Task item: Where a line holds the word "Road", copy that line from the data below.

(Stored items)
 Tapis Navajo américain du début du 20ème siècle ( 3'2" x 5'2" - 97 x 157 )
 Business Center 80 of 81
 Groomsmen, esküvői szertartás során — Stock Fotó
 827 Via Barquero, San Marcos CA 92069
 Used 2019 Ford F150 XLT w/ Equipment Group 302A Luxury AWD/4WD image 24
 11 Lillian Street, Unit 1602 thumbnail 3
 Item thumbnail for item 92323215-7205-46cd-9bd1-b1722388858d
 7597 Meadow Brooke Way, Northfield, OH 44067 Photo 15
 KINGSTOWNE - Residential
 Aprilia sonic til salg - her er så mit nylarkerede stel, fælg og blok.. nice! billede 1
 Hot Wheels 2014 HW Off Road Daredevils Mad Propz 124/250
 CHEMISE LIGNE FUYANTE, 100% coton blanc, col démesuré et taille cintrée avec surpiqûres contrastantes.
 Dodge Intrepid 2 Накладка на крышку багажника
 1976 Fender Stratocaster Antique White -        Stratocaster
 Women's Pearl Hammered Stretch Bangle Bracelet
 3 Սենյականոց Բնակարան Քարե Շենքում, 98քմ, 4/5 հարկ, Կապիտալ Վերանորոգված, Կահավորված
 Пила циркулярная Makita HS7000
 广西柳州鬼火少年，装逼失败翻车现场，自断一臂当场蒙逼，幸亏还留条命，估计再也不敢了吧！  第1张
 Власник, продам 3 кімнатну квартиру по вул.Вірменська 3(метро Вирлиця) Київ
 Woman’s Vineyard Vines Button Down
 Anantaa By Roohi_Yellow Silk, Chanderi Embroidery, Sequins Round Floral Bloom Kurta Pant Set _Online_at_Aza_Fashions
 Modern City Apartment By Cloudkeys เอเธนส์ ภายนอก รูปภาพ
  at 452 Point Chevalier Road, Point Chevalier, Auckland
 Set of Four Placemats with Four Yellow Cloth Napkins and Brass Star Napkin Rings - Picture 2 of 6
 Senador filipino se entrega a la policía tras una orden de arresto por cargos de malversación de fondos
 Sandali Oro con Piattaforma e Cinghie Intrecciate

Task response:
 Hot Wheels 2014 HW Off Road Daredevils Mad Propz 124/250
  at 452 Point Chevalier Road, Point Chevalier, Auckland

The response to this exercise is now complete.